I’m currently working on turning the first of the five Stonewylde books, Magus of Stonewylde, into a TV series. This is way out of my comfort zone, but something I feel I must do. Over the years, many, many readers have said how much they’d like to see Stonewylde on the screen. I’ve always been wary of this, not wanting the story messed about with or changed too much in order to fit some production company’s criteria.
But I feel now the time is right for me to create a screen version of Stonewylde myself – or at least lay down the bones for it, even if someone else does the fleshing out. It’s a strong and very visual story, with some powerful characters, and after all this time if now feels right to embark on this project. Stonewylde is all about my love of nature, and how we should honour the Earth – today more than ever, this is a message that needs to be shared. So I’m busy writing the screenplay, which has pushed my other projects further down the list, but given that the Stonewylde story already exists, I don’t envisage this taking too long. Exciting times!
Historical Novel Project
The idea for my next book was born many years ago when working in Weymouth. Teaching local history to my classes, I was fascinated by two events that happened in Dorset during the Civil War. One was the siege of Corfe Castle and the other was a daring plan executed by the Royalists in Portland. They plotted to infiltrate and then storm the twin towns of Weymouth and Melcombe Regis during a cold February night, and oust the Parliamentarians. I dreamed of one day writing about these incredible events.

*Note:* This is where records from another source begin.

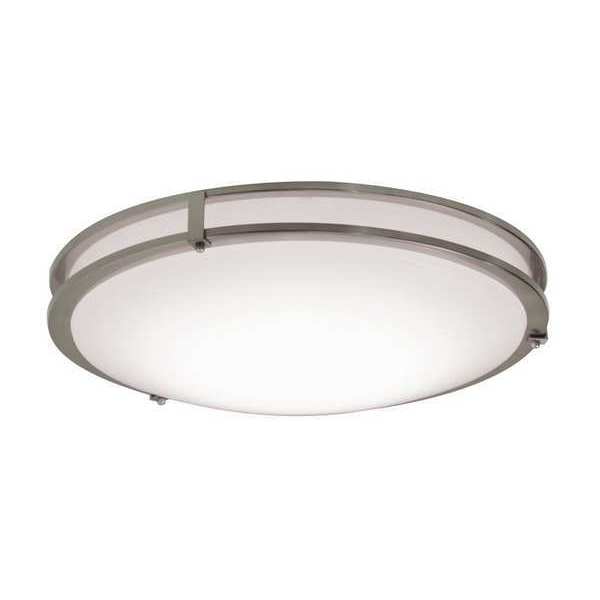 RndLEDMnt, 14in, 4000K, 2400lm, Slvr, Steel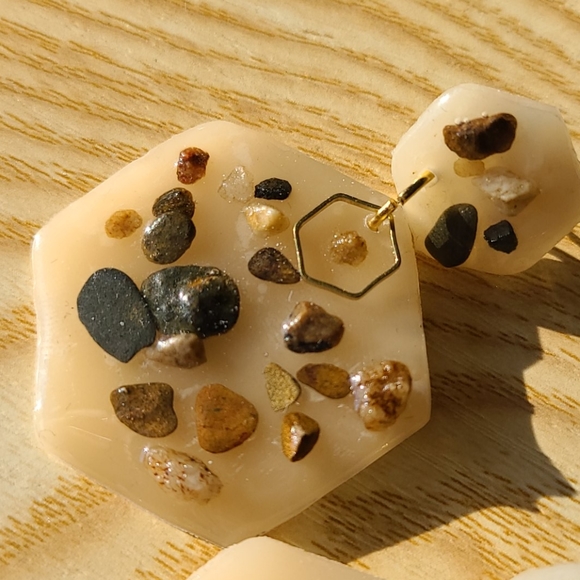 Hexagon Stone Earrings - Picture 4 of 9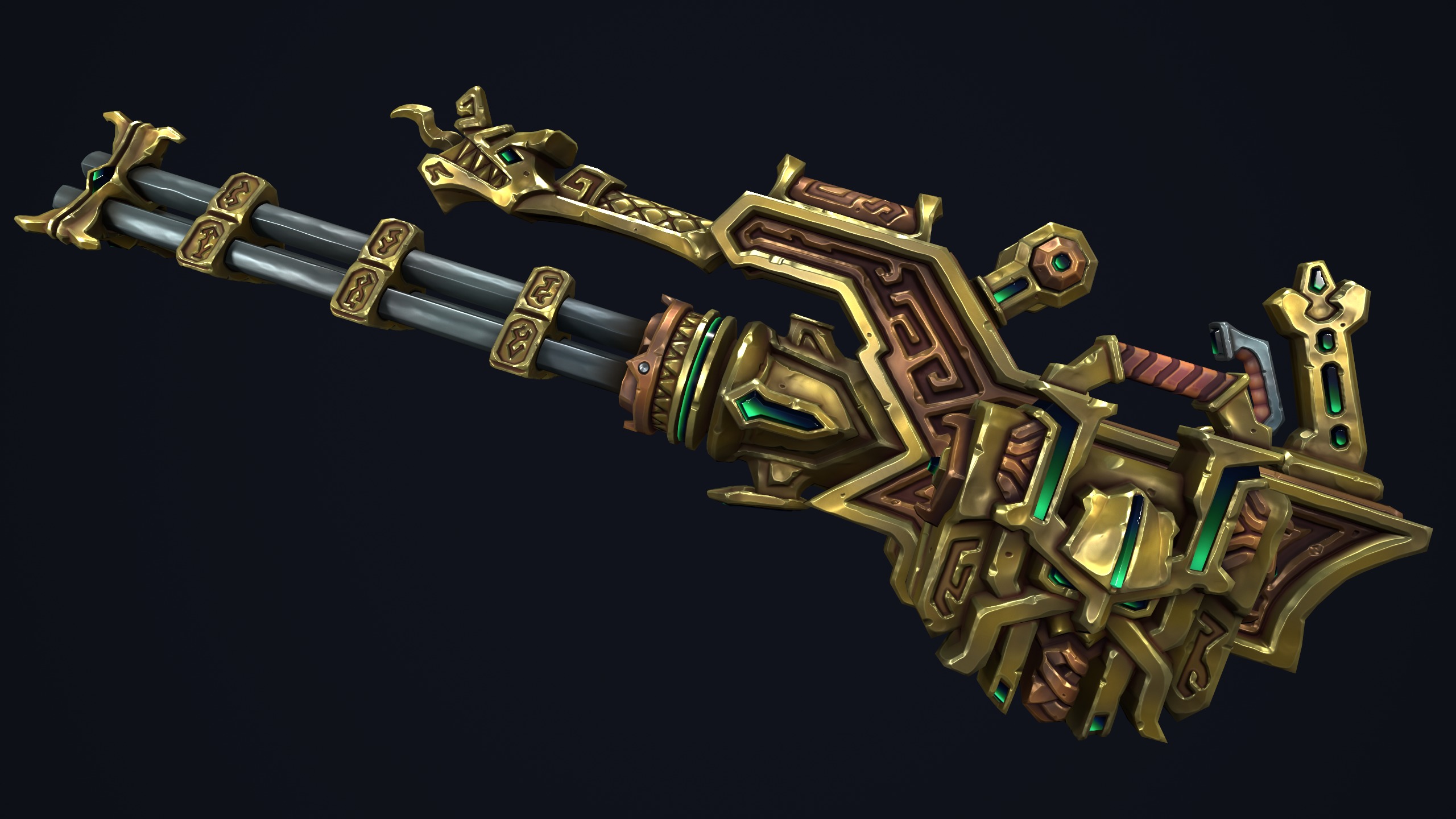 Fantasy dwarf minigun Low-poly 3D model_2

My next novel will be set on Portland and based on the theme of The Tempest. This is one of my favourite Shakespearean plays, and I’ve often imagined it taking place on Portland. I’m therefore intending to loosely combine the events of the Portlanders’ attempted coup during the Civil War with the plot of the Tempest.
I’ve been engaged in research for this historical novel for ages. My head is boggling with battles, sieges, marches and surrenders – and I’m not even particularly interested in the military side of things! One of the best books I’ve read on the subject of the Civil War is a novel by Lindsey Davis called Rebels and Traitors – I found this extremely helpful. Two non-fiction books which have been excellent for the local history side of my research are Treasure of the Golden Grape by Selwyn Williams, and The Crabchurch Conspiracy by Mark Vine.
The island of Portland (technically a peninsular because of Chesil Beach, but an island to all intents and purposes) is unique. It’s beautiful, magical, mysterious – a writer’s dream. It’s also had its guts ripped out by quarrying, which has been and still is vital to the economy, putting food on the table for countless generations. At the time my novel is set, the 1640s, the quarrying industry on Portland was still minor and the landscape therefore was totally different from today’s.
I’ve spent countless days in Weymouth reference library, Portland Museum, and the Dorset History Centre in Dorchester. The more you learn, the more you realise you don’t know. One of the problems is that the Roundheads burned down the largest house on the island – the Old Parsonage – where many of the records were probably kept.
Another fascinating aspect of Portland’s history is the invasion by the Vikings. Portland was one of the very first places in the UK where the early Vikings landed. I’m considering a time-slip element, encompassing the very early Saxon church which stood on the site of the now ruined St Andrew’s Church – which is also the place where the Portland Royalists planned their attempted coup during the Civil War. And there happens to be a natural spring here too, which, as many of my Stonewylde readers will understand, is also a sacred site and place of the divine feminine. All these elements will be combined in my historical novel.
I’ve spent hours mentally resurrecting the ruins of the buildings and the devastated landscape, and peopling the island with my characters. Prospero, Miranda, Caliban and Ariel have slowly come to life and mixed with real-life characters such as Fabian Hodder, Colonel William Sydenham of the Parliamentarians and Sir Lewis Dyve of the Royalists. I can’t wait until that moment when I pick up the marionettes and make them all dance to my tune.
There are two very exciting projects I’m really looking forward to writing, both for children. The first is a picture book featuring owls for young children. And the second is a novel for ‘Middle Grade’ and older, based on a puppy who gets run over, and his boy who must come to terms with his beloved pet’s death. This sounds horribly macabre, but the idea came to me years ago whilst driving home from an authors’ conference and seeing a dead fawn lying by the side of the road. I’ve always found roadkill so distressing (I’m sure we all do) and this book will hopefully be of some help children who see dead animals on the roadside.